OPA - How to calculate the input Impedance

The first thing you should have done is to put your schematic into the schematic editor here. It's a lot easier on the eye:

^{simulate this circuit – Schematic created using CircuitLab}

(I held to your use of \$U\$ instead of \$V\$.)

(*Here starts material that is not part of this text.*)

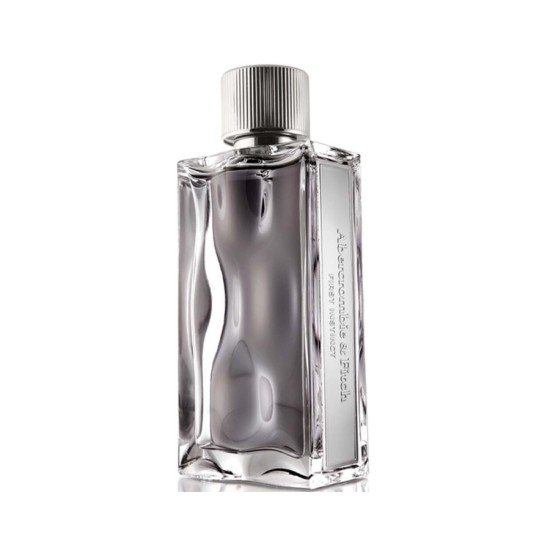 Abercrombie & Fitch First Instinct 100ml for men (Tester)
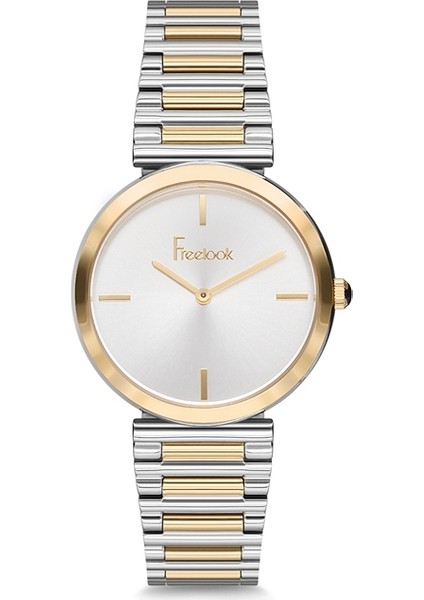 F.4.1042.08 Kadın Kol Saati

I'd use brute-force KCL in the following way (using Python in SageMath and SymPy):

eq1 = Eq( u2, u3 )                                       # Ideal opamp
eq2 = Eq( u2*s*c1 + u2/r1, u1*s*c1 + u4/r1 )             # KCL U2
eq3 = Eq( u3*s*c2, io + u4*s*c2 )                        # KCL U3
eq4 = Eq( u4/r1 + u4/r2 + u4*s*c2, u2/r1 + u3*s*c2 )     # KCL U4
ans = solve( [eq1, eq2, eq3, eq4], [u2, u3, u4, io] )    # solve system
i1 = simplify( (ans[u2]-u1)*s*c1 )
zin = simplify( u1/i1 )

At this point, I do have the result. You can substitute \$s=j\omega\$ into the result, if needed. And/or try out some real part values, as well, and run a simulation to validate the approach. I'd recommend doing that. For example:

^{simulate this circuit}

Theory says:

abs( zin.subs( {s:I*2*pi*100, r1:5e3, r2:2e3, c1:1e-6, c2:3e-6} ) ).n()
18623.6083515058

Placing this circuit into LTspice, using an LT1800 opamp model, says:

So it shows only a tiny difference out at the sixth decimal place. I'd call that "close enough" for validation of the approach.

Added:

zin
-c2*r1*r2*s - r1 - r2 - 1/(c1*s)
abs(zin.subs(s,I*omega))
sqrt(c2**2*omega**2*r1**2*r2**2 + r1**2 + 2*r1*r2 + r2**2 - 2*c2*r1*r2/c1 + 1/(c1**2*omega**2))